Future research should therefore prioritize methodological standardization to improve comparability among studies and enhance the reliability of anthropogenic particle assessments. Expanding sampling efforts across different seasons, habitats, and geographic regions will also help clarify spatial and temporal variability in anthropogenic particle contamination. In addition, integrating environmental monitoring of water and sediments with biological studies may provide a better understanding of the pathways through which anthropogenic particles enter marine food webs.

Finally, further investigation is required to assess the potential transfer of anthropogenic particles from the gastrointestinal tract to edible tissues and to evaluate the associated risks for human health. Understanding the ecological and toxicological implications of anthropogenic particle contamination, including microplastics, as reported in previous studies, remains a critical research priority in marine environmental research.

5. Conclusions

This study demonstrates that anthropogenic particle ingestion is widespread in Scomber colias from the Saronikos Gulf, with particles detected in 73.7% of individuals in the gastrointestinal tract. The additional detection of anthropogenic particles in muscle tissue (41.2%) indicates that contamination is not limited to the digestive system and may extend to edible tissues, raising concerns regarding potential human exposure.

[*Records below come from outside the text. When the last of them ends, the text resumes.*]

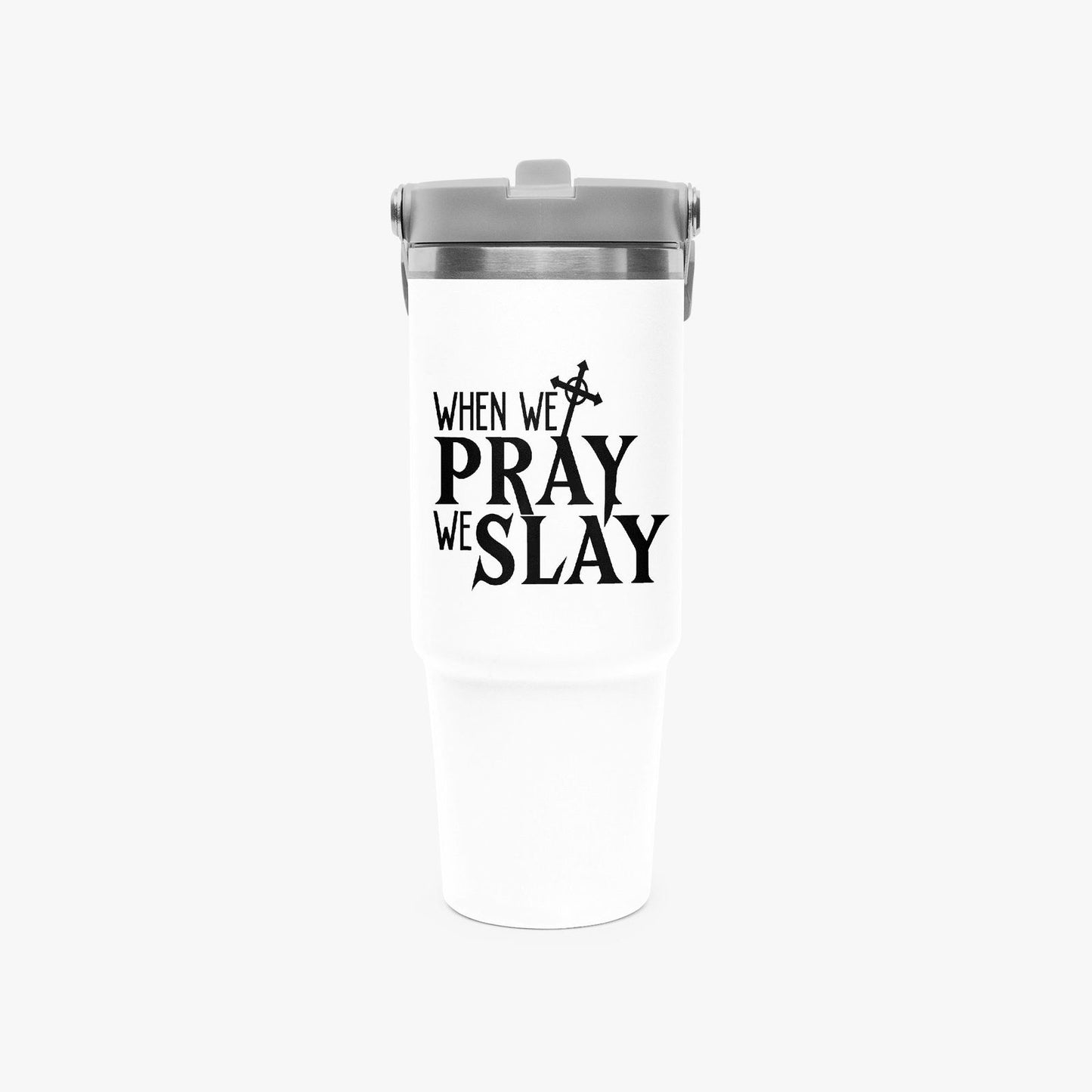 When We Pray We Slay Christian Flip Straw Tumbler - 30oz - ClaimedbyGodDesigns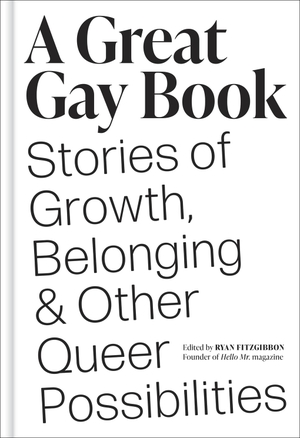 Fitzgibbon, Ryan. A Great Gay Book - Stories of Growth, Belonging, and Other Queer Possibilities. Abrams & Chronicle Books, 2024.
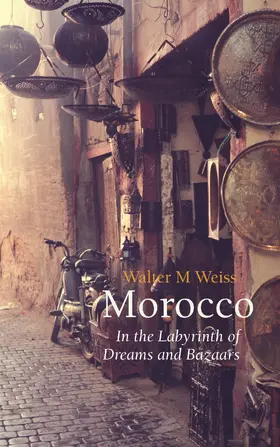 Weiss | Morocco: In the Labyrinth of Dreams and Bazaars | Buch | 978-1-909961-25-8 | sack.de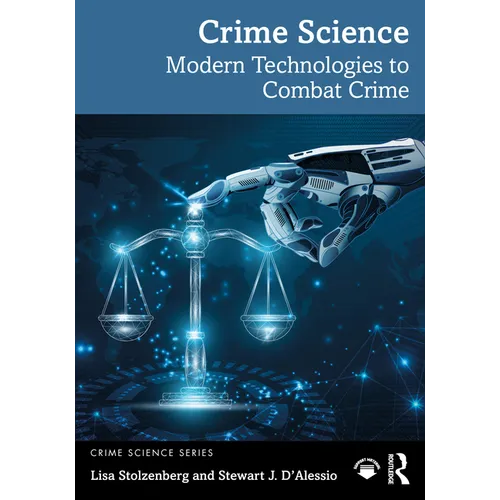 Crime Science: Modern Technologies to Combat Crime - Paperback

Fibers were the dominant particle type, followed by fragments, while most particles were classified as micro-sized (<5 mm) and predominantly dark-colored. These patterns are consistent with those reported in Mediterranean ecosystems and suggest that anthropogenic particle ingestion is mainly driven by environmental availability rather than selective feeding.

No significant relationships were found between anthropogenic particle abundance and biological parameters, indicating that ingestion is not influenced by fish size or physiological condition. Comparative analysis further suggests that pelagic species such as S. colias are more exposed to anthropogenic particles due to their continuous interaction with suspended particles in the water column.

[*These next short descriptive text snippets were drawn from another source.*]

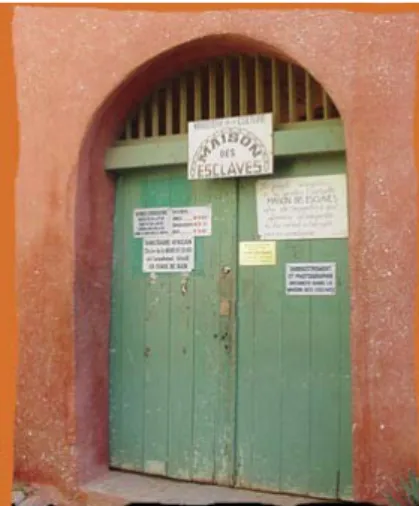 Illustration 17 : Porte  d'entrée de la Maison des  Esclaves de l'île de Gorée,  Sénégal, Photo UNESCO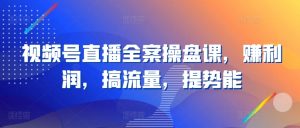 视频号直播全案操盘课，赚利润，搞流量，提势能-沐风资源库
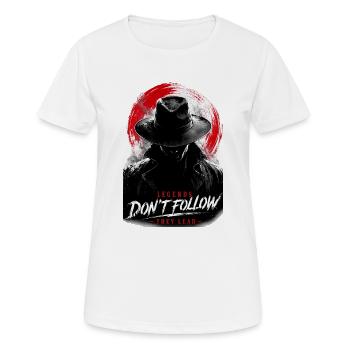 Les légendes ne mènent pas à suivre - T-shirt respirant Femme - blanc - Devant - AI Model Female 172 dark (172cm)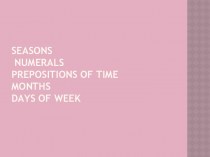 Seasons numerals prepositions of time months days of week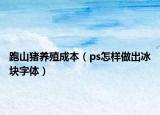 跑山猪养殖成本（ps怎样做出冰块字体）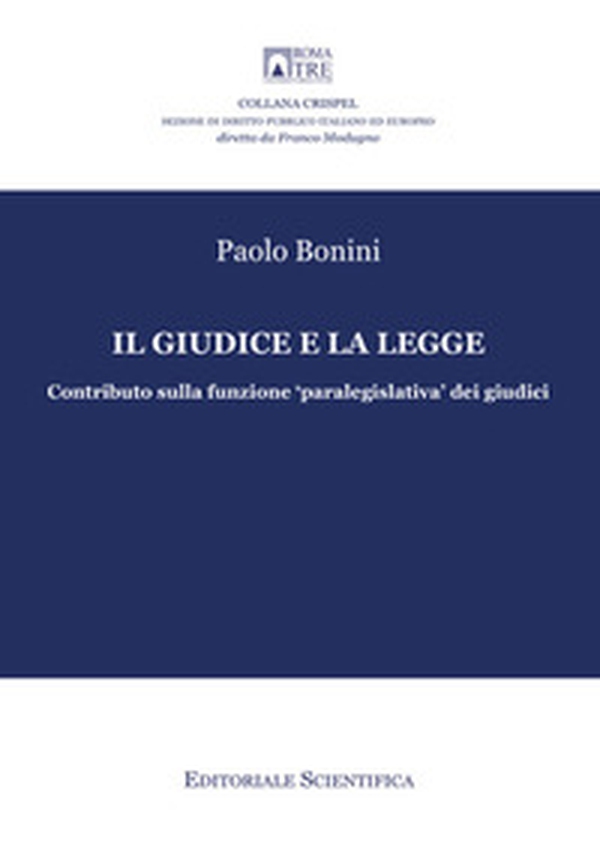 Il giudice e la legge. Contributo sulla funzione «paralegislativa» dei giudici - Librerie.coop Il giudice e la legge. Contributo sulla funzione «paralegislativa» dei giudici - Librerie.coop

Overall, the findings support the use of S. colias as a reliable bioindicator for monitoring anthropogenic particle pollution in pelagic environments. The detection of anthropogenic particles in muscle tissue highlights the need for further research on translocation mechanisms and their potential implications for food safety. These results provide important baseline data for the Saronikos Gulf and contribute to the broader understanding of anthropogenic particle contamination in Mediterranean marine ecosystems, including microplastics, as reported in previous studies.